Your task in this exercise is to incorporate an alias into one of the SQL queries that you worked with in the previous exercise!

-- Alias author so that it becomes unique_author

    SELECT DISTINCT author AS unique_author
    FROM books;

**VIEWing your query**

You've worked hard to create the below SQL query:

    SELECT DISTINCT author AS unique_author
    FROM books;
    
What if you'd like to be able to refer to it later, or allow others to access and use the results? The best way to do this is by creating a view. Recall that a view is a virtual table: it's very similar to a real table, but rather than the data itself being stored, the query code is stored for later use.

1. Add a single line of code that saves the results of the written query as a view called `library_authors.`

-- Save the results of this query as a view called library_authors

    CREATE VIEW library_authors AS
    SELECT DISTINCT author AS unique_author
    FROM books;

2. Check that the view was created by selecting all columns from `library_authors`.

-- Your code to create the view:
    
    CREATE VIEW library_authors AS
    SELECT DISTINCT author AS unique_author
    FROM books;

-- Select all columns from library_authors

    SELECT *
    FROM library_authors;

**Comparing flavors**

The video introduced several differences between SQL Server and PostgreSQL. These are just two of many relational database systems available, but the differences are fairly representative of the types of differences you'll see between other SQL database systems and flavors as well.

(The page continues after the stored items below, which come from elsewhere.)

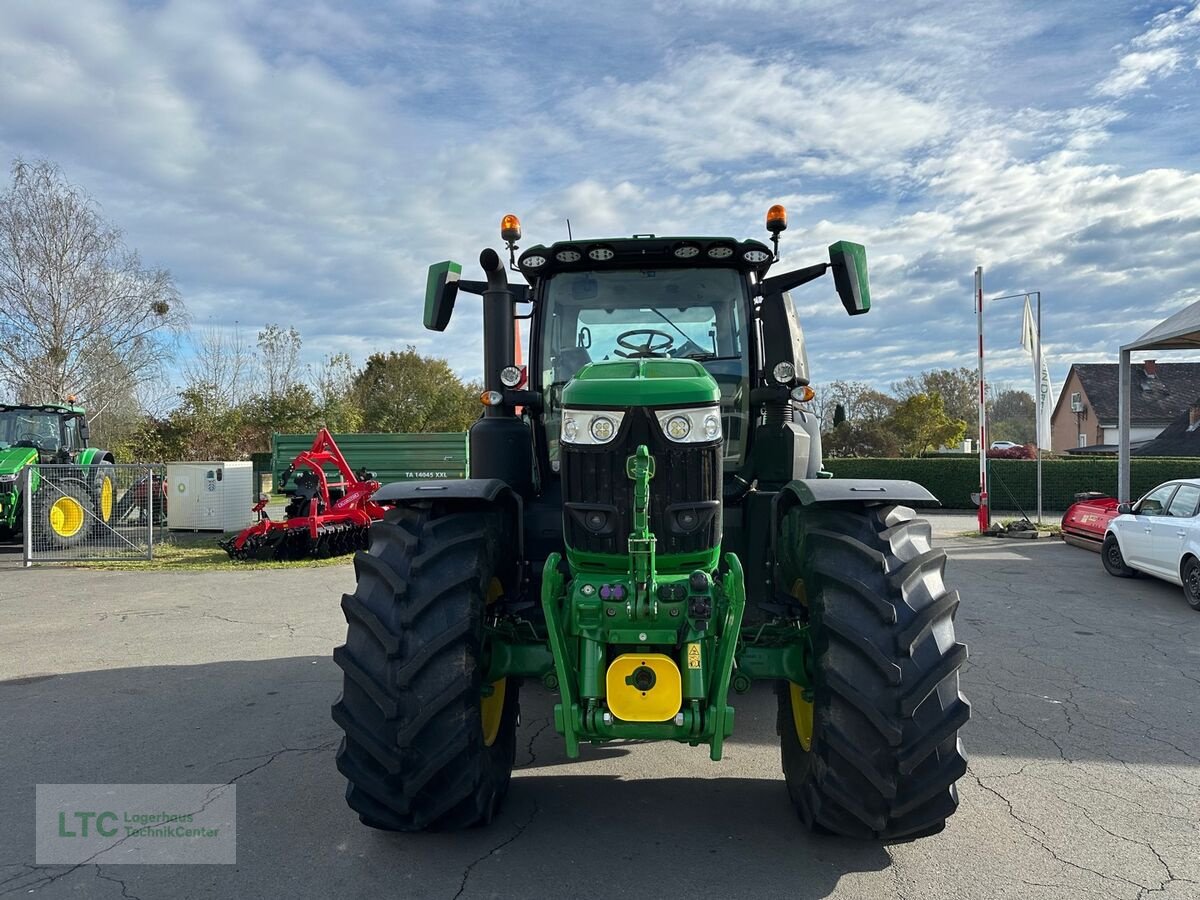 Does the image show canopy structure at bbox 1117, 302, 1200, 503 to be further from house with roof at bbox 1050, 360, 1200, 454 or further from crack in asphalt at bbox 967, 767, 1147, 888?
house with roof at bbox 1050, 360, 1200, 454

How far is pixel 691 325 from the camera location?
4.41 meters

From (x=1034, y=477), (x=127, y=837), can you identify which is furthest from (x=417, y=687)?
(x=1034, y=477)

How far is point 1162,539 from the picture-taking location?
962 centimetres

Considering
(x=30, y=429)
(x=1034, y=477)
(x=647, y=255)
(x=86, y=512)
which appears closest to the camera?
(x=647, y=255)

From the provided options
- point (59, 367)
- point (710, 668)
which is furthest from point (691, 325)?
point (59, 367)

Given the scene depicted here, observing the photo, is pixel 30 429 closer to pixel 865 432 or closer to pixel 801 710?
pixel 801 710

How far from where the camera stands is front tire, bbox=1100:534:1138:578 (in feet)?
35.5

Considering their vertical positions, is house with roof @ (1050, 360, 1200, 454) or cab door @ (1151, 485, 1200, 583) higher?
house with roof @ (1050, 360, 1200, 454)

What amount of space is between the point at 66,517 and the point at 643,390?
524 inches

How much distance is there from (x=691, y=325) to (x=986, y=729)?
10.00 feet

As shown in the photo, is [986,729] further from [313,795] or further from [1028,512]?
[1028,512]

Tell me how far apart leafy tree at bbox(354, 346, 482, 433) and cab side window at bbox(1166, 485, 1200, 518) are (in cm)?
2520

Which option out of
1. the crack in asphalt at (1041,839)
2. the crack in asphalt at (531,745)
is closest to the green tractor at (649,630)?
the crack in asphalt at (531,745)

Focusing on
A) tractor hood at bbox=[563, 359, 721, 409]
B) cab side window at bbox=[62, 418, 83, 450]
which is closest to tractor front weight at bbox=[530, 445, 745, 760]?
tractor hood at bbox=[563, 359, 721, 409] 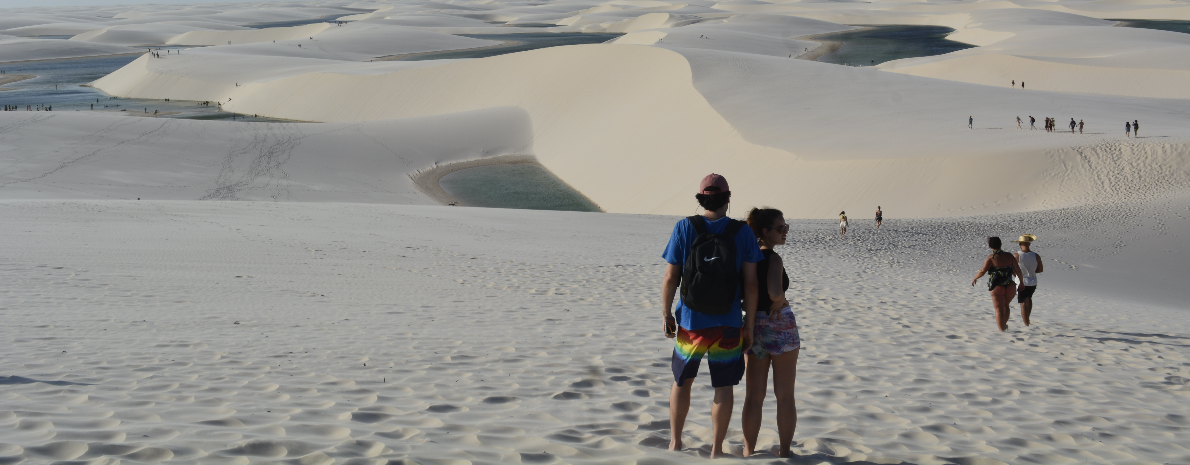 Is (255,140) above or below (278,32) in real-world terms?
below

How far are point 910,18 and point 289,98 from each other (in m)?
93.6

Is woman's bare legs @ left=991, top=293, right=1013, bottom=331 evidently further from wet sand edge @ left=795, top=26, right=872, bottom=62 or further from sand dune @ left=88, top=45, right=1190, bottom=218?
wet sand edge @ left=795, top=26, right=872, bottom=62

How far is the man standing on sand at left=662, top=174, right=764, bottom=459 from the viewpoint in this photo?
451 centimetres

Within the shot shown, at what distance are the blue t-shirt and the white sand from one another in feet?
2.48

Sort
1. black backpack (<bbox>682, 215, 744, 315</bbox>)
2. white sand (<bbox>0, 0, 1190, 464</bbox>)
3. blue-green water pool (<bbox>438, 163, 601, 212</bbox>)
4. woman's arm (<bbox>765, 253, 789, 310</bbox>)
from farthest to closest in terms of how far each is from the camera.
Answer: blue-green water pool (<bbox>438, 163, 601, 212</bbox>)
white sand (<bbox>0, 0, 1190, 464</bbox>)
woman's arm (<bbox>765, 253, 789, 310</bbox>)
black backpack (<bbox>682, 215, 744, 315</bbox>)

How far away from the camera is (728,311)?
4559 millimetres

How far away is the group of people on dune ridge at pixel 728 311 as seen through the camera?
4523 millimetres

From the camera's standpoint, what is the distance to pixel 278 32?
120188 mm

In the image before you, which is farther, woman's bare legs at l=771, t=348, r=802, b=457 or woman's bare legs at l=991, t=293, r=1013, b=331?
woman's bare legs at l=991, t=293, r=1013, b=331

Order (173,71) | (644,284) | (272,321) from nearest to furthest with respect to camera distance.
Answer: (272,321) < (644,284) < (173,71)

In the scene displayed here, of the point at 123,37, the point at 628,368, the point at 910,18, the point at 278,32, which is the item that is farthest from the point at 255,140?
the point at 910,18

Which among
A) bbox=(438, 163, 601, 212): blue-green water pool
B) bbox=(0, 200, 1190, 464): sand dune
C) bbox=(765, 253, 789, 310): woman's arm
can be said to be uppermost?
bbox=(438, 163, 601, 212): blue-green water pool

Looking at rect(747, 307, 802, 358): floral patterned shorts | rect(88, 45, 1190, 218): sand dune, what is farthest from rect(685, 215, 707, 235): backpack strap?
rect(88, 45, 1190, 218): sand dune

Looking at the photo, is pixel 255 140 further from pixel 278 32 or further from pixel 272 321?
pixel 278 32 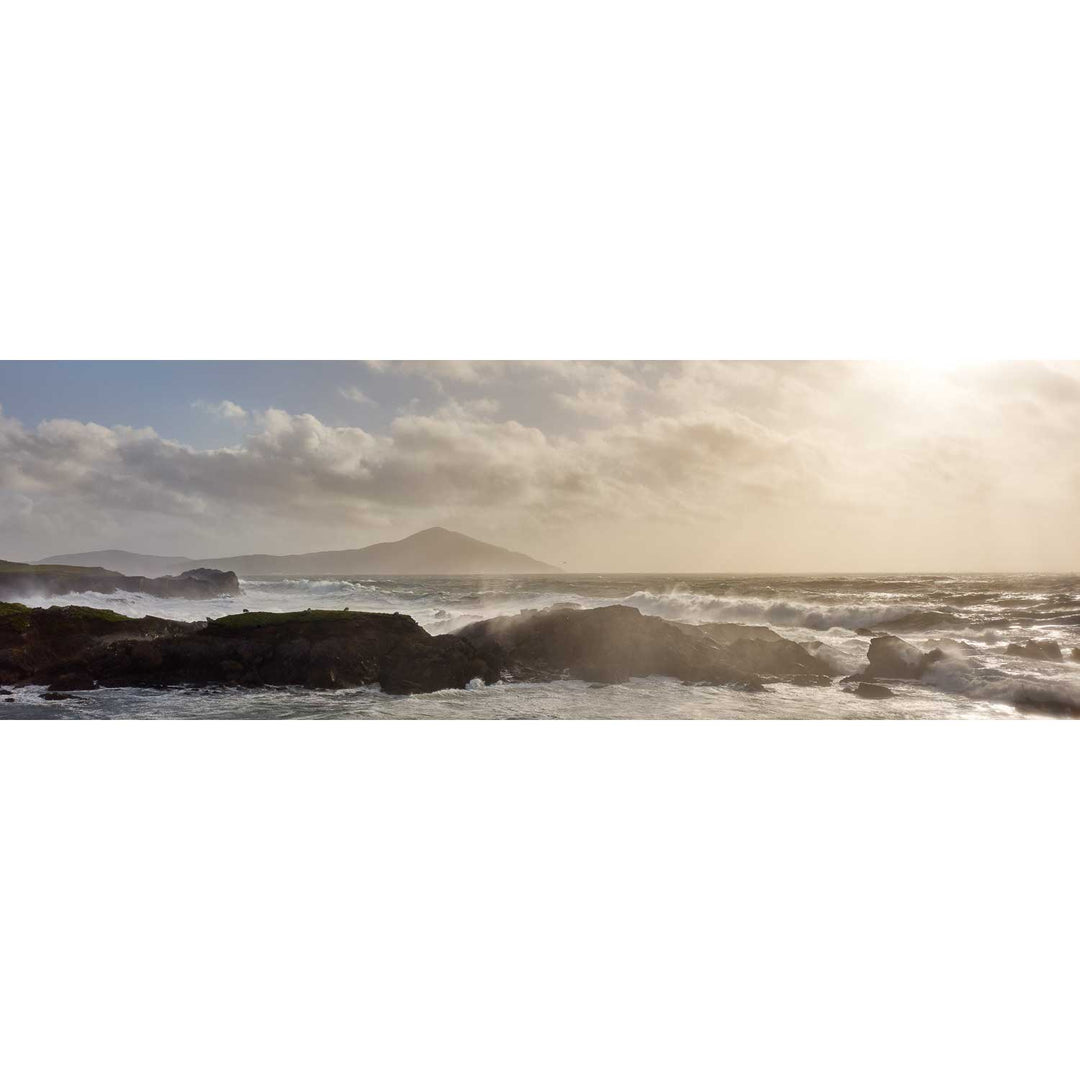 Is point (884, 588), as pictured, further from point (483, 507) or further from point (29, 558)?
point (29, 558)

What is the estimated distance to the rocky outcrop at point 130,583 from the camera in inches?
227

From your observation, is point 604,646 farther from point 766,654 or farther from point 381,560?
point 381,560

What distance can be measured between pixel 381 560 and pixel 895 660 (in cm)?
365

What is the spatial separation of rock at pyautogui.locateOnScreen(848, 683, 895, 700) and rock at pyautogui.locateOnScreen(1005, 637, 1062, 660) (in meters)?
0.90

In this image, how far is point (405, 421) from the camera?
5.76 meters

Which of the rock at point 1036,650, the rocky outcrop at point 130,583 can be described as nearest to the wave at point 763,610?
the rock at point 1036,650

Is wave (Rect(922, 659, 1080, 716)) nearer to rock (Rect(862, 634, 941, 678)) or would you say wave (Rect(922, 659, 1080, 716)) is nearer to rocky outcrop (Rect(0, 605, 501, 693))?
rock (Rect(862, 634, 941, 678))

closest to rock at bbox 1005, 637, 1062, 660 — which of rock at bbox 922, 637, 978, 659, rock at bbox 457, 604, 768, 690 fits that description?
rock at bbox 922, 637, 978, 659

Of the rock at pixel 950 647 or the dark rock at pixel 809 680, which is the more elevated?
the rock at pixel 950 647

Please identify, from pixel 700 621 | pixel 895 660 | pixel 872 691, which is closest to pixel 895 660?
pixel 895 660

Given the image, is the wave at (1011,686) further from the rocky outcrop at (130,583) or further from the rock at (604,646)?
the rocky outcrop at (130,583)

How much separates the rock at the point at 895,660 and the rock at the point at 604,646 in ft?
2.71
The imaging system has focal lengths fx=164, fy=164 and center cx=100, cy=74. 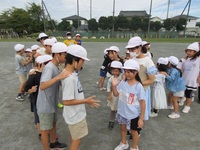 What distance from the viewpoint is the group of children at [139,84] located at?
231 cm

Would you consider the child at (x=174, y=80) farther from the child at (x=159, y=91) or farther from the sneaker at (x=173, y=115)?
the child at (x=159, y=91)

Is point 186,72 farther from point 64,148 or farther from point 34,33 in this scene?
point 34,33

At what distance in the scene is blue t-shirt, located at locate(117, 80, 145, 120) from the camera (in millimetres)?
2279

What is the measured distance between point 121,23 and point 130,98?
130ft

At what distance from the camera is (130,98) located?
7.65 ft

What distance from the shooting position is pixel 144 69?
2.68m

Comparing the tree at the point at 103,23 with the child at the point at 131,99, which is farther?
the tree at the point at 103,23

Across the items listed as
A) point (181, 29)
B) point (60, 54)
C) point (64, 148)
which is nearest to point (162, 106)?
point (64, 148)

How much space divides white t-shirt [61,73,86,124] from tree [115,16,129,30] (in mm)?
39643

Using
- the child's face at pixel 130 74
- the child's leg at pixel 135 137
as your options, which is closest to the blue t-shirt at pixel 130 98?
the child's face at pixel 130 74

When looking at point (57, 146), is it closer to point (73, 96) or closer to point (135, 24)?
point (73, 96)

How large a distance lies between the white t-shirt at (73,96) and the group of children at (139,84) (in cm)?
69

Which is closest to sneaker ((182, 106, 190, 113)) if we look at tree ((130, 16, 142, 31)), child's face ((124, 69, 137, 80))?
child's face ((124, 69, 137, 80))

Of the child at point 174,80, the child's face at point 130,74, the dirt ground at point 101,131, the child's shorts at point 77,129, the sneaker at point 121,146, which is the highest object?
the child's face at point 130,74
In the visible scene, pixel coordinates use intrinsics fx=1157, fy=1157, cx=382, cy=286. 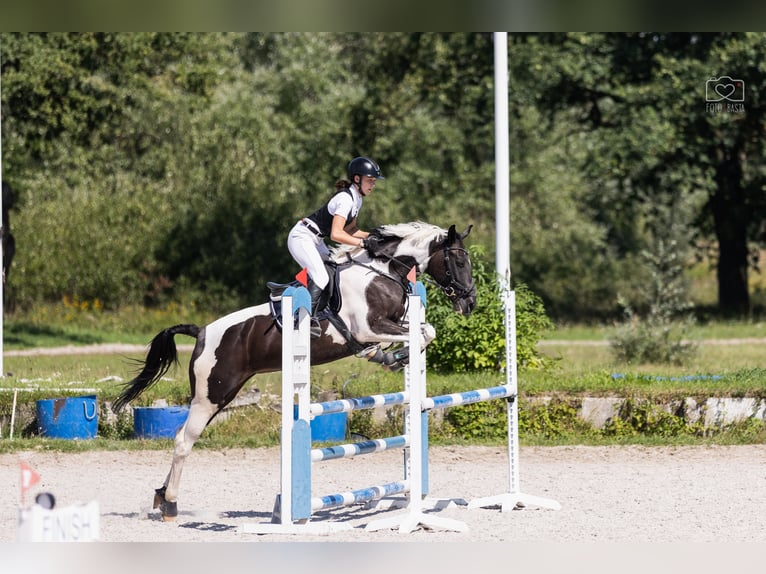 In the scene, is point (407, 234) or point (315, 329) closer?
point (315, 329)

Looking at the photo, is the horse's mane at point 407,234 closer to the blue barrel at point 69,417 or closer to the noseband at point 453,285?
the noseband at point 453,285

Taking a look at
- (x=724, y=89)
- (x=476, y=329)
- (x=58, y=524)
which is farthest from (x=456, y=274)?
(x=724, y=89)

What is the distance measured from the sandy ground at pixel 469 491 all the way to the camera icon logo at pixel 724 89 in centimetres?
953

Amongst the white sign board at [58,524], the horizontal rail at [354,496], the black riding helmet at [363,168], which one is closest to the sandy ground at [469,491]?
the horizontal rail at [354,496]

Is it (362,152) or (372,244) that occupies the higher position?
(362,152)

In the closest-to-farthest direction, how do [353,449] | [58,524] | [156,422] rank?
[58,524]
[353,449]
[156,422]

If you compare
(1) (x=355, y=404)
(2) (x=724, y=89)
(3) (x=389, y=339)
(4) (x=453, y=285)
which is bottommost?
(1) (x=355, y=404)

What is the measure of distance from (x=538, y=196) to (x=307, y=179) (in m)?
4.85

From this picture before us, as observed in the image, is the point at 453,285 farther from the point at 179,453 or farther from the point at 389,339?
the point at 179,453

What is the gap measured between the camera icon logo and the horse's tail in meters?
12.6

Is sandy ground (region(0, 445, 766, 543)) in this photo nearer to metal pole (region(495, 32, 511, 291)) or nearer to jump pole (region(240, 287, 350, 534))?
jump pole (region(240, 287, 350, 534))

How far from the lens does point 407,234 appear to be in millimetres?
7180

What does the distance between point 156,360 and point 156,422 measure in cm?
264

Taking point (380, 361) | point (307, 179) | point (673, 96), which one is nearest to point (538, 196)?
point (307, 179) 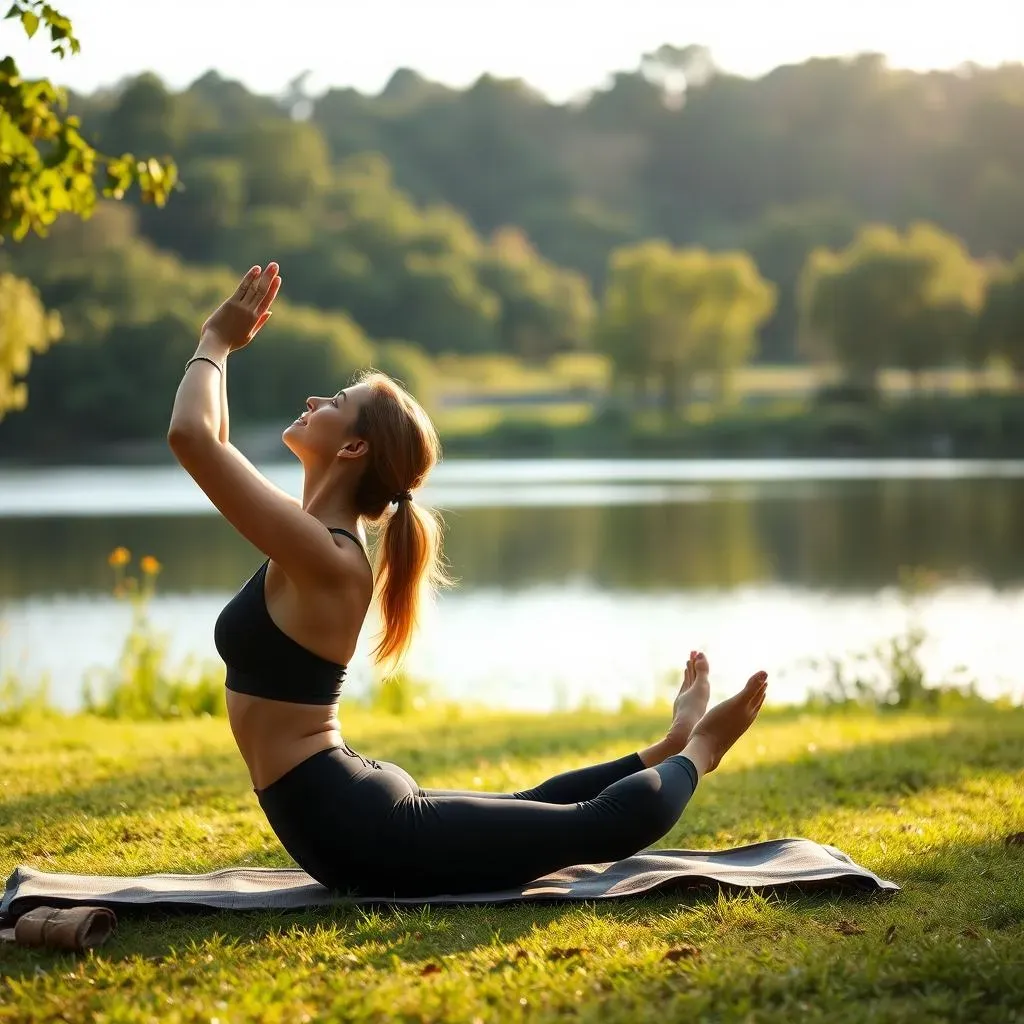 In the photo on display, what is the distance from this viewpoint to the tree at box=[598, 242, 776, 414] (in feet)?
217

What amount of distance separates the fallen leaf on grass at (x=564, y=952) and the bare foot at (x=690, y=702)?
2.94 ft

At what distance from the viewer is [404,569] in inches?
167

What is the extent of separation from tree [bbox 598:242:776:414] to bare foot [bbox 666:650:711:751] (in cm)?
6175

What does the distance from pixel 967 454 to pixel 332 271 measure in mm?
50504

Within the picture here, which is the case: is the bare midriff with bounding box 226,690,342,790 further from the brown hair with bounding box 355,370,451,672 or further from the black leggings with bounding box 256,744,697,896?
the brown hair with bounding box 355,370,451,672

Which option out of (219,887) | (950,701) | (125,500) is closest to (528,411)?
(125,500)

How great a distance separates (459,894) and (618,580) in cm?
1778

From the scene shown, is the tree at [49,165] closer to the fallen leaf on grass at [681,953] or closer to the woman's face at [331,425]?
the woman's face at [331,425]

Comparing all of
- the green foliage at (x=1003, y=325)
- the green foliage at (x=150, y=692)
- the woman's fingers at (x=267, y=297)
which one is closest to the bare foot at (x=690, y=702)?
the woman's fingers at (x=267, y=297)

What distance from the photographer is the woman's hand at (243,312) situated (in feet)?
13.0

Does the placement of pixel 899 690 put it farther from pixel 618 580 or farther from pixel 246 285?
pixel 618 580

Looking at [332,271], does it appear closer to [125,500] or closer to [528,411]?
[528,411]

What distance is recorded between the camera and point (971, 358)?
62.8 m

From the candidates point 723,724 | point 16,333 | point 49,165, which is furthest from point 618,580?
point 723,724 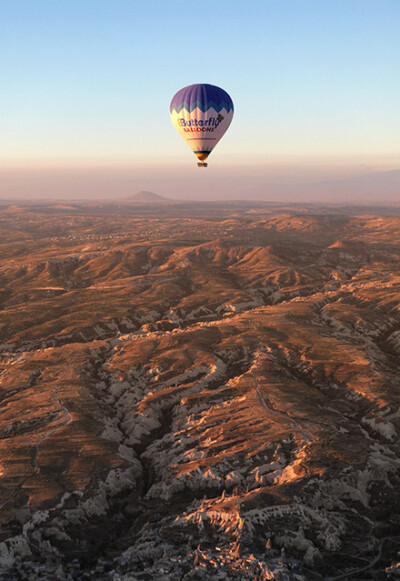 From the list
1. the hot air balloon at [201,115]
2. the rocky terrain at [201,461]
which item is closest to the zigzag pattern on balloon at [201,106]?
the hot air balloon at [201,115]

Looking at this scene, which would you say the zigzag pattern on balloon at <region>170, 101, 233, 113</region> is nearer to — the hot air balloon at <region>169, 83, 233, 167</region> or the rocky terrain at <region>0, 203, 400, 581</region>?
the hot air balloon at <region>169, 83, 233, 167</region>

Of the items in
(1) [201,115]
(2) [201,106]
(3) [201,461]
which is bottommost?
(3) [201,461]

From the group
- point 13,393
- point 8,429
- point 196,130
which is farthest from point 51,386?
point 196,130

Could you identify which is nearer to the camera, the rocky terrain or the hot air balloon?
the rocky terrain

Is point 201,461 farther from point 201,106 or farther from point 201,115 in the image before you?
point 201,106


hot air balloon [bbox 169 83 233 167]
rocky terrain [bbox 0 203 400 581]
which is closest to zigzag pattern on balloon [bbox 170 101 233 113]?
hot air balloon [bbox 169 83 233 167]

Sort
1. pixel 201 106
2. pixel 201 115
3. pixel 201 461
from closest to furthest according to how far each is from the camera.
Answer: pixel 201 461 → pixel 201 106 → pixel 201 115

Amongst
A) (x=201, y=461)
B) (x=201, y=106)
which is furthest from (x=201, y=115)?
(x=201, y=461)

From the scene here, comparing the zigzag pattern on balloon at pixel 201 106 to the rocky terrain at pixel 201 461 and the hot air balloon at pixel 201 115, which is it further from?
the rocky terrain at pixel 201 461

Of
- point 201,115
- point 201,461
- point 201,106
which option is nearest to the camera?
point 201,461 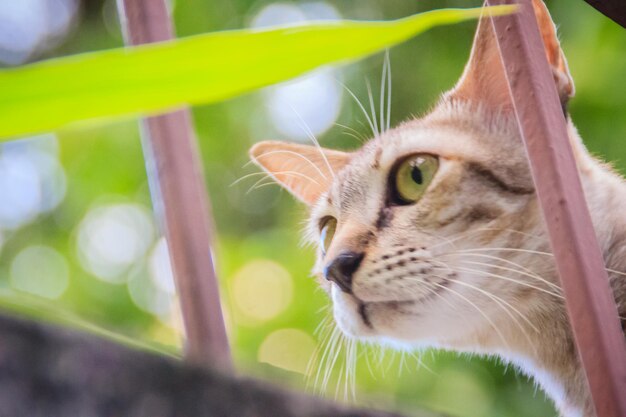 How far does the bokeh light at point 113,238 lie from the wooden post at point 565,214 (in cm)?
77

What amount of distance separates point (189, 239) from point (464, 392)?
385mm

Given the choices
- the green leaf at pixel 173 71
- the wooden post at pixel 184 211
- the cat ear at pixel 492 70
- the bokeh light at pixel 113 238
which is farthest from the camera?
the bokeh light at pixel 113 238

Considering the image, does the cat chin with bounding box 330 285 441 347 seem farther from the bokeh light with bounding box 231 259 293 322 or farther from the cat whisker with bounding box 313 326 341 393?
the bokeh light with bounding box 231 259 293 322

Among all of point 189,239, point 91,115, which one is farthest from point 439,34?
point 91,115

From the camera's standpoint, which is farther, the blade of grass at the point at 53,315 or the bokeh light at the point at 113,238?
the bokeh light at the point at 113,238

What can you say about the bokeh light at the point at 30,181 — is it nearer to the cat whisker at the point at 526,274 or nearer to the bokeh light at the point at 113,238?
the bokeh light at the point at 113,238

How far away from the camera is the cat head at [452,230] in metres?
0.49

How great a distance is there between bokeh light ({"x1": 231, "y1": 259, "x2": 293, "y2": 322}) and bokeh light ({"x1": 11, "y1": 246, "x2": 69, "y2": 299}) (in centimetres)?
41

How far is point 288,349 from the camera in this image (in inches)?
27.0

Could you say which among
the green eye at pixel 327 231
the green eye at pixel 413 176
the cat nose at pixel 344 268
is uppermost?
the green eye at pixel 413 176

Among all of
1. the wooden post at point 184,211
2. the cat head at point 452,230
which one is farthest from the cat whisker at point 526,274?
the wooden post at point 184,211

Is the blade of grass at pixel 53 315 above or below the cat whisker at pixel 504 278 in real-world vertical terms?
above

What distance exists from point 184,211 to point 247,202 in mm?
514

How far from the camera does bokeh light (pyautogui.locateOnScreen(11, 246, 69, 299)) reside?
3.75 feet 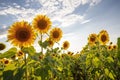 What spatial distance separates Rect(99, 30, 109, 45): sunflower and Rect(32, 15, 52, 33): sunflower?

Drag the statement to the database management system that it correctly describes.
![image-27](image-27.png)

**Limiting results**

Let's take a look at a few of the genres represented in our library's books.

Recall that limiting results is useful when testing code since result sets can have thousands of results! Queries are often written with a `LIMIT` of just a few records to test out code before selecting thousands of results from the database.

Let's practice with `LIMIT`!

Using PostgreSQL, select the `genre` field from the `books` table; limit the number of results to 10.

-- Select the first 10 genres from books using PostgreSQL

    SELECT genre
    FROM books
    LIMIT 10;

**Translating between flavors**

In the previous exercise, you wrote the following code using PostgreSQL:

    SELECT genre
    FROM books
    LIMIT 10;
    
The database in this course is a PostgreSQL database, so you won't be able to run SQL Server code in any of the exercises. What if you did want to update the above query to work with SQL Server, though? How would you do that?
![image-29](image-29.png)


# Congratulations!

- Learned when and why databases are useful
- Navigated the organization of relational databases
- Written own SQL queries to extract insight from a database

**Where to go next**
- Learn more keywords and choose which flavor you'll learn

![image-30](image-30.png)


## Explore Datasets
Use the `books` table to explore the data and practice your skills!
- Select only the `title` column.
- Alias the `title` column as `book_title`.
- Select the distinct author names from the `author` column.
- Select all records from the table and limit your results to 10.